A reader writes:
When I first heard that Hannity was offering up an apology (confession?) for his video lie, I was impressed. I honestly didn't think he had it in him. And then I watched the damn thing. Turns out I was right. Forget the tone, which I found gratingly smug. Or the final punchline thanking Stewart's writers for watching, a lame attempt to diffuse the troubling transgression with humor. What keeps nagging at me is his claim that it was some sort of accident. That no one meant for it to happen. Sorry, but I don't buy that for a second. Those sorts of things don't simply "happen".
Let me explain.
I have been working in television for the past 15 years.

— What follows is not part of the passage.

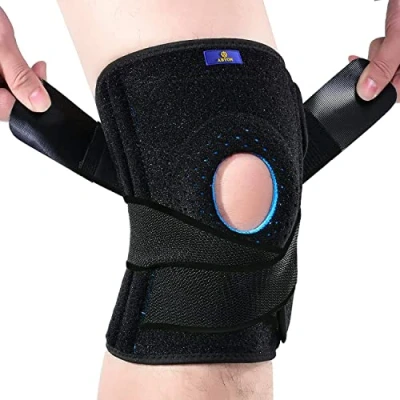 Image of ABYON Knee Support for Men and Women, Adjustable Non Slip Brace with Side Stabilizers Open Patella Gel Pad Arthritis, Meniscus Tears, LCL/MCL/ACL Ligament Joint Pain (4XL/5XL)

I know in detail how these things work: 1) you are assigned a story, 2) you send out a crew to shoot the necessary footage, 3) the footage is brought back to the studio and loaded into the Avid, or whatever editing system you are using, 4) you cut together your piece based on THE FOOTAGE AT HAND.
For footage from a different event that took place months earlier to find its way into an entirely new piece, well, someone had to: 1) make the decision to lie in the first place (and lets be clear, it IS a lie), 2) locate the old footage, 3) cut the footage into the new piece, 4) a producer or the like had to approve the clip for air.
Yes, accidents can happen. But I guarantee you someone on his show said, "Man, we need to make those crowds look bigger" (don't get me started on the ethical quagmire of that decision) and a writer, producer or editor said, "I know, we can use some stuff from Glenn's rally. No one will ever notice." True, Hannity may not have been aware of that editorial decision (he cannot supervise every piece of footage that airs on his show) but let's be clear: contrary to what he said, someone DID mean for it to happen, they simply did not mean to get caught. And his lame apology is covering someone's ass. It also leads me to wonder how often this is being done on his network.
Twisting words for political gain is one thing; manipulating video to deceive millions of viewers is another, and one that makes your Pravda reference all the more prescient.
As Cartman might say: "I'm just asking questions".